Information supplied
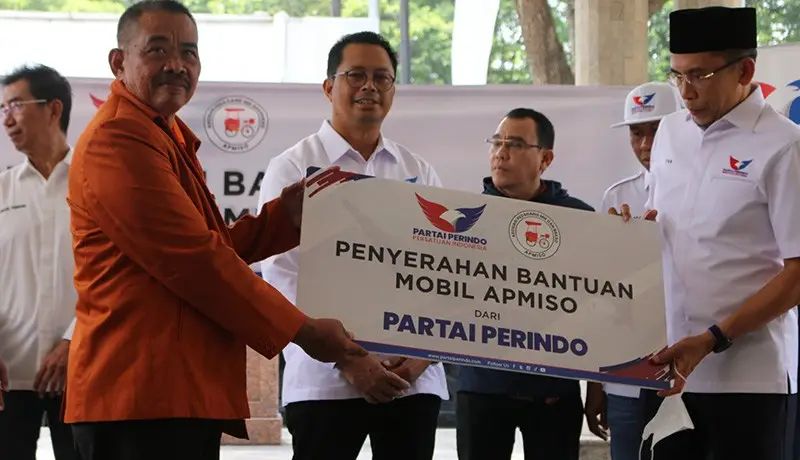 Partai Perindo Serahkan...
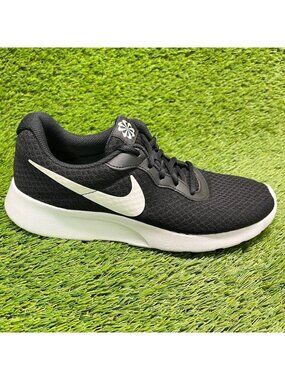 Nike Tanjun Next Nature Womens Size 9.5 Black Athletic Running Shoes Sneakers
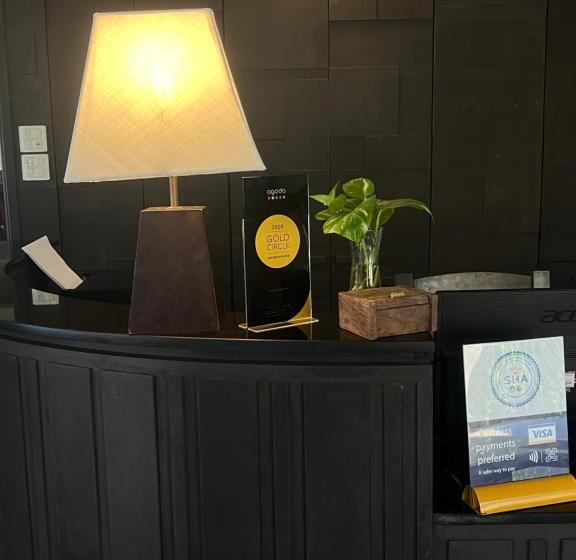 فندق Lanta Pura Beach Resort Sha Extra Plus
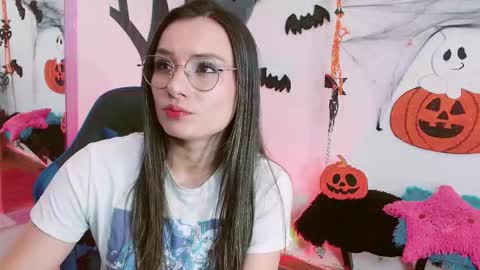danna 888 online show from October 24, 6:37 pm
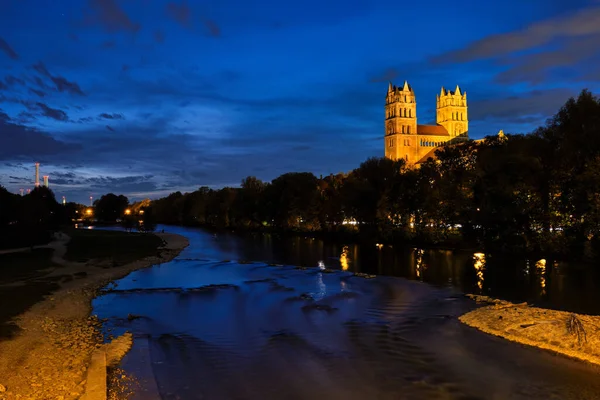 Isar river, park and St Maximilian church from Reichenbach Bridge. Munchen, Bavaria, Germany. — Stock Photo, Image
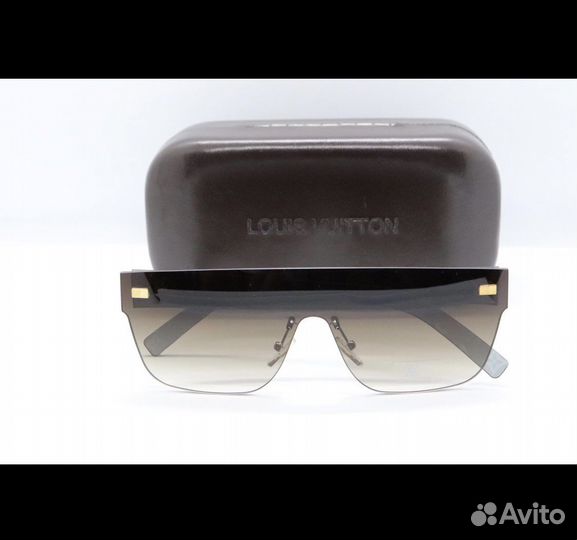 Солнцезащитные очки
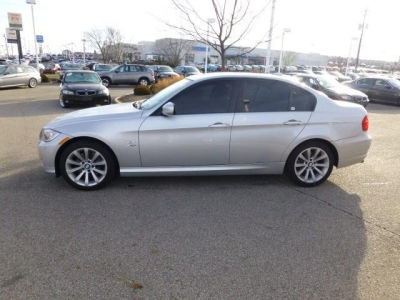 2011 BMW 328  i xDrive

Work instructions
Leave the pictures out, and restate exactly the lines from the start of the records through the one that contains "danna 888 online".

Expected answer
 Partai Perindo Serahkan...
 Nike Tanjun Next Nature Womens Size 9.5 Black Athletic Running Shoes Sneakers
 فندق Lanta Pura Beach Resort Sha Extra Plus
danna 888 online show from October 24, 6:37 pm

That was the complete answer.